Gold backed off after reaching a new nominal high against the USD early this week. The greenback was the only reserve currency to yield new high ground to the metal. Gold appreciated 0.8% against the euro, but ended 0.2% lower priced in sterling, down 0.9% against yen and off 1.5% in Swiss franc.
Benchmarks for the U.S. currency Thursday included:
- London morning gold fixes averaged $1,243 and ended 0.1% lower at $1,233; COMEX spot settlements finished 0.2% lower at $1,245 after averaging $1,243, COMEX gold volume spiked 55,442 contracts, or 55.0%, higher week-over-week to average 154,009 contracts daily; gold open interest increased 4.1%, or 23,488 contracts, to 593,232; COMEX warehouse stocks of bullion rose by another 62,960 oz. to 10.859M, sufficient to cover 18.3% of open interest.
- Three-month London gold lease rates continued rising, climbing by 10 basis points (.10%).
- Outsized volatility in the gold E&D sector accounted for the 2.2 decline in stocks tracked by the Market Vectors Junior Gold Miners ETF (GDXJ).
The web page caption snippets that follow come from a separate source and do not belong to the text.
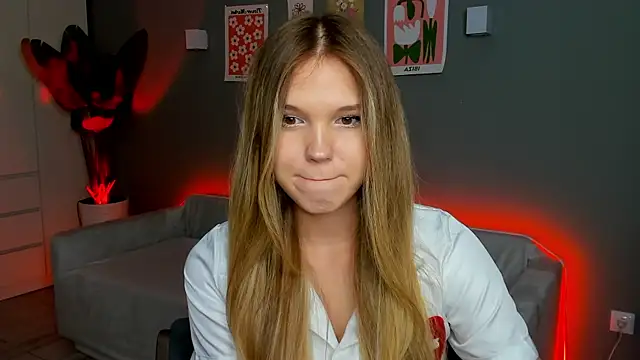 Snapshot of linakorvin chatting on 11/21/25, 01:10 linakorvin online show from 11/21/25, 01:10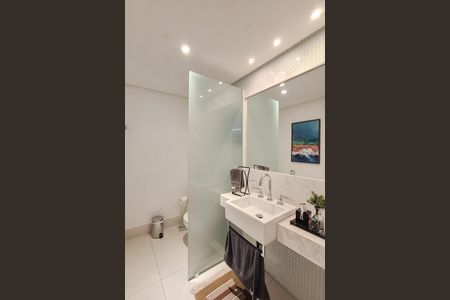 Casa à venda com 420m², 4 quartos e 3 vagas Casa à venda com 420m², 4 quartos e 3 vagasLavabo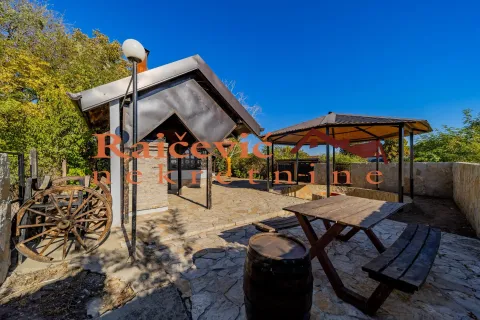 Dvorište sa popločanim platoom, drvenim stolom i letnjikovcem. - image 7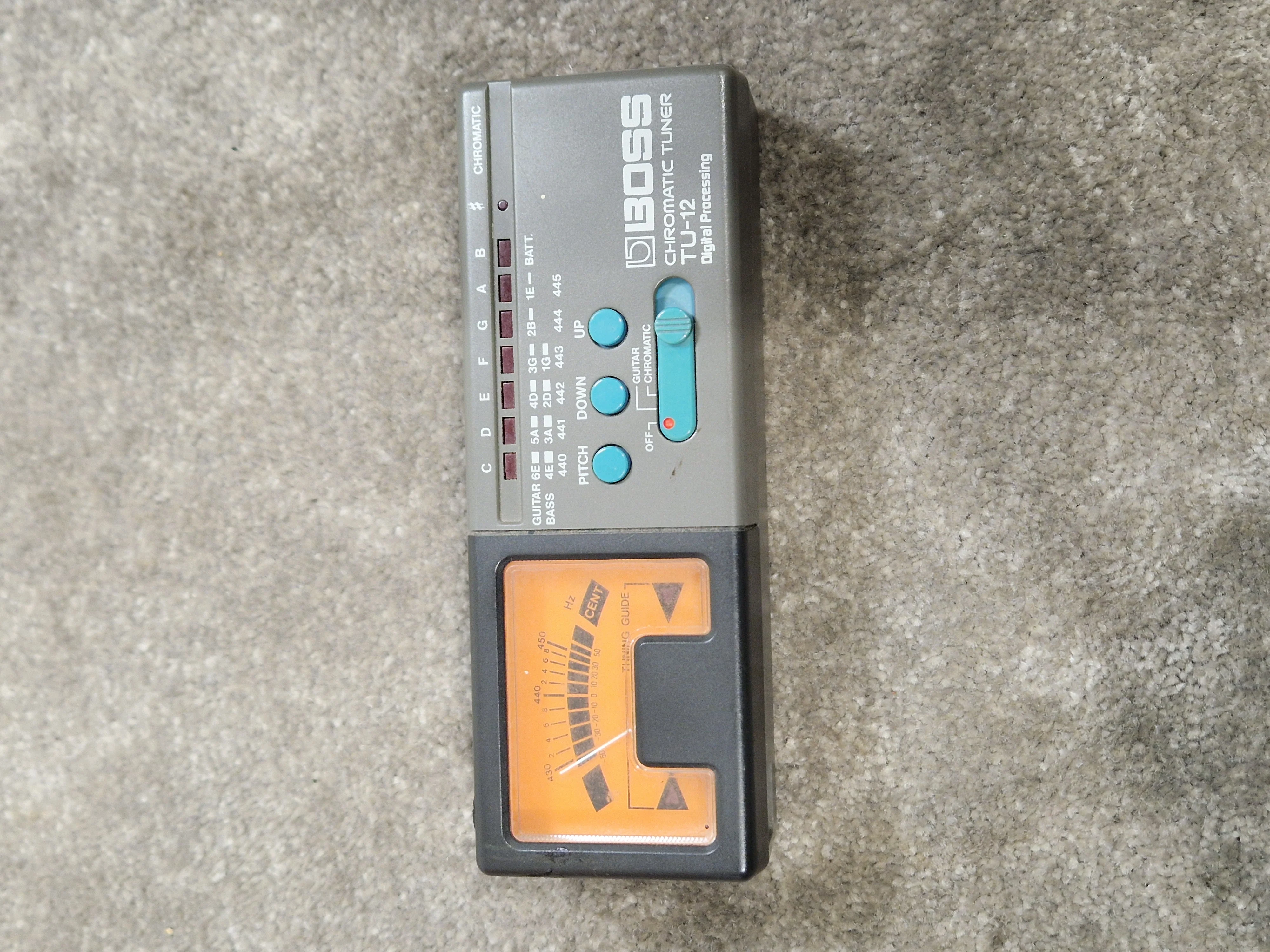 Boss Chromatic Tuner TU12 - Analog Needle Display - Spares or Repair - Image 4
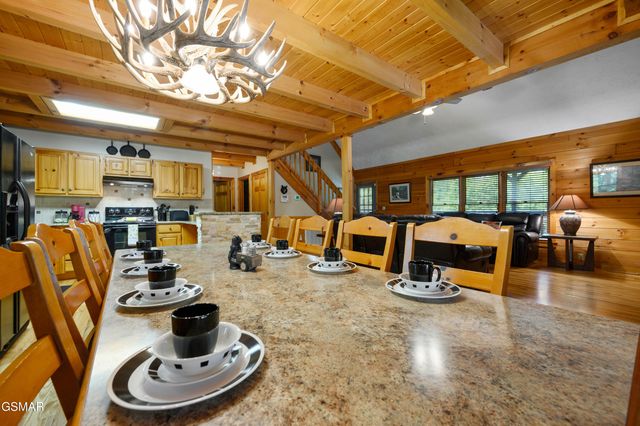 3619 Country Pines Way, Sevierville, TN 37876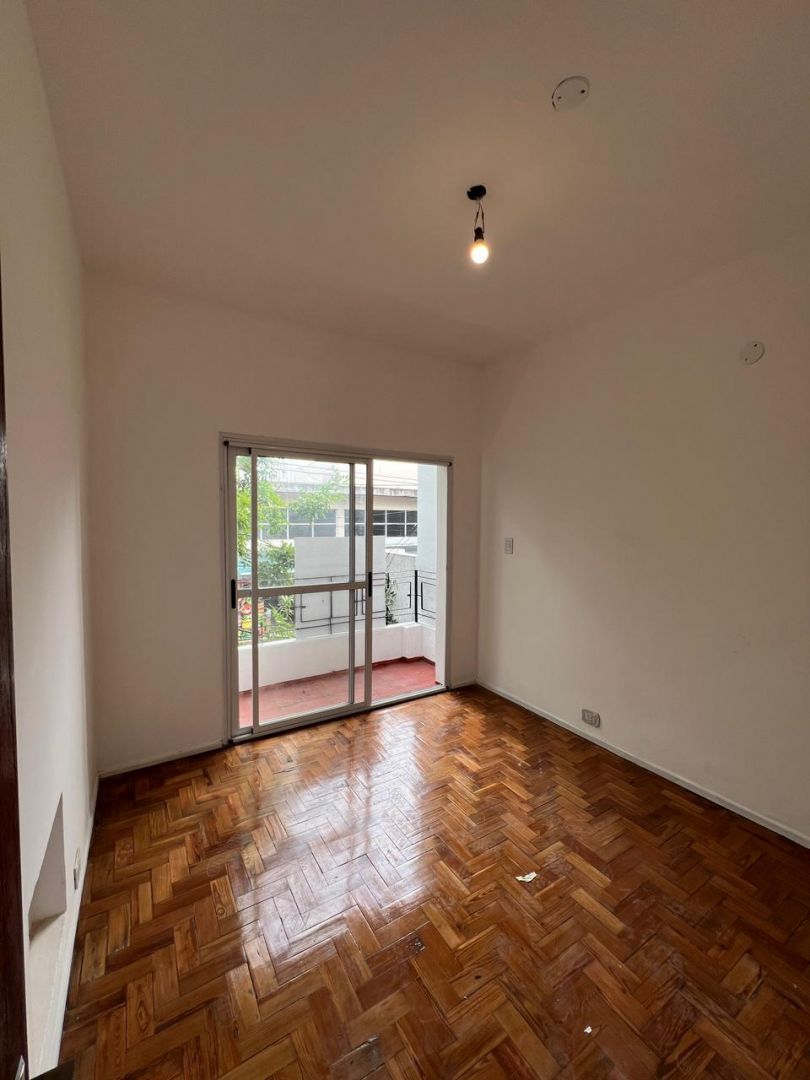 Local Comercial en Alquiler en General San Martin, G.B.A. Zona Norte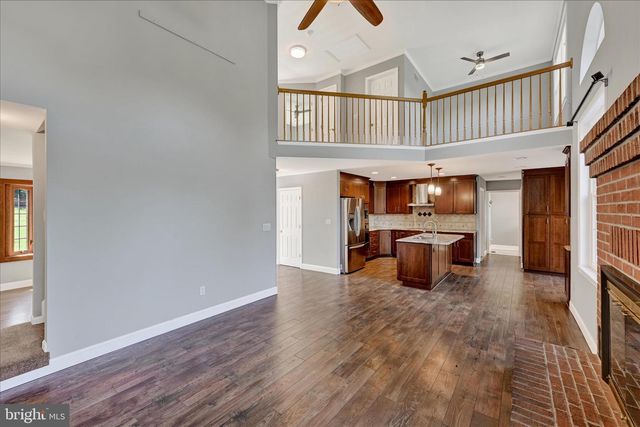 24 LANDAU DR, Westminster, MD 21157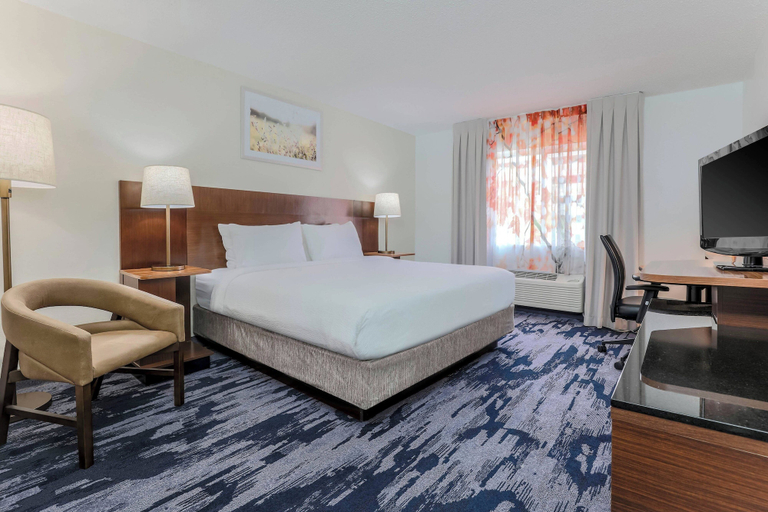 Bedroom 4, Fairfield Inn & Suites Houston Westchase, Houston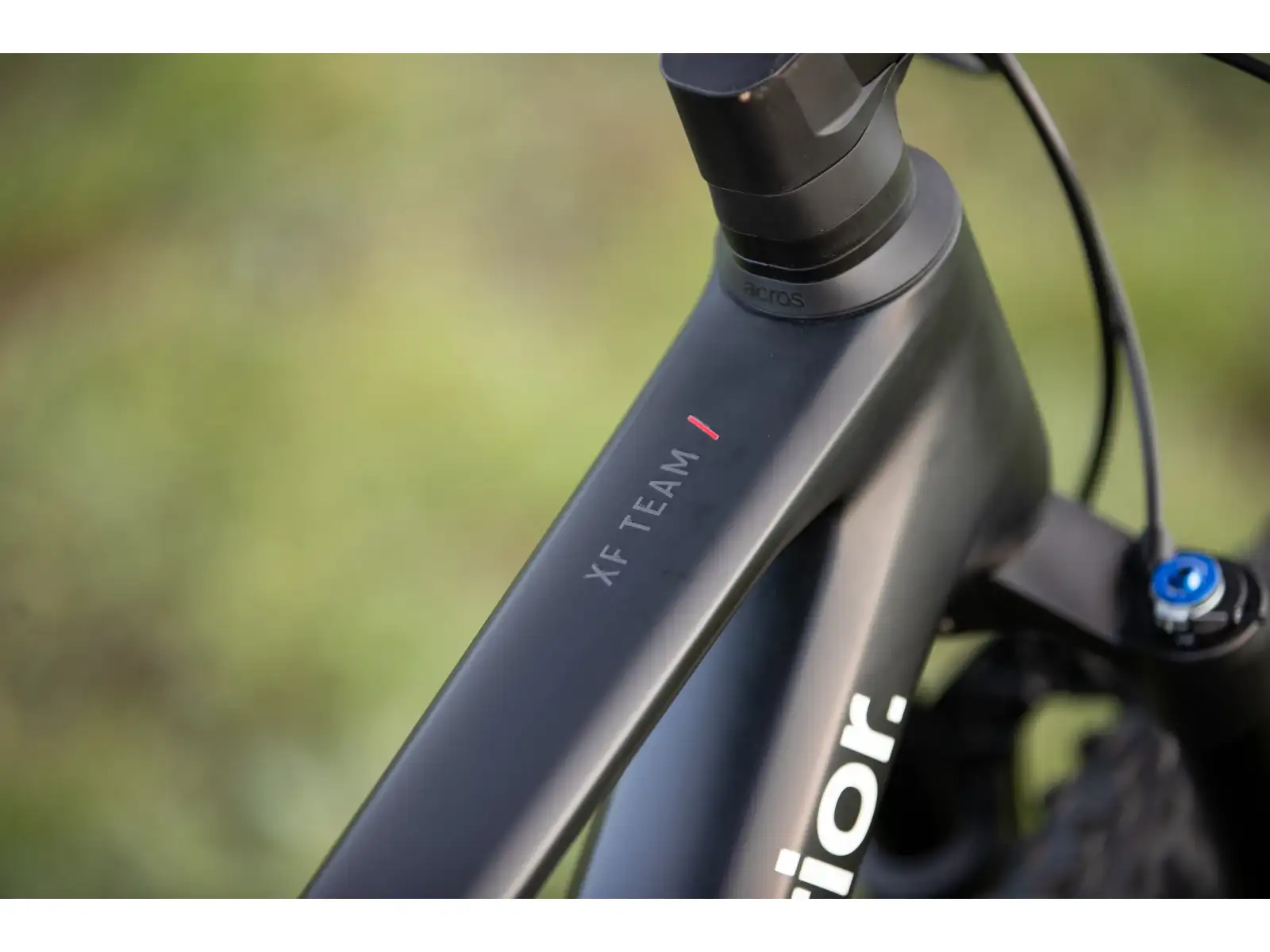 Superior XF 9.5 Team Mountainbike in Gloss Rot Carbon/Schwarz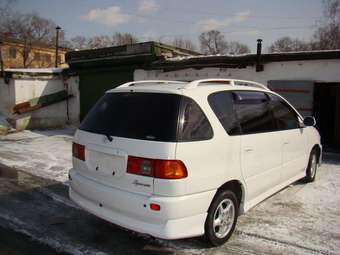 1997 Toyota Ipsum Photos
Major producers making up the Market Vectors Gold Miners ETF (GDX) slid 1.5%; S&P500 Composite gave up 3.8%, boosting its correlation to the GDX stocks 9 percentage points to 51%; against bullion, S&P500's correlation eased by a percentage point to -16%.
- One-year rates implied in the COMEX gold futures term structure slipped to 0.33%, a 3-point premium over Treasuries.
- 30-year Treasury bond yields dipped another 3 basis points to 4.09%; as a result, the Treasury curve flattened by 7 points to 3.97%.
- The U.S. dollar lost 0.3% against the euro this week; the average cross rate in interbank trading was $1.2274.
- 1-year monetary disinflation eased to -2.8% from -3.6%; at today's rate, the real return on 3-month Treasury Bills is 321 basis points.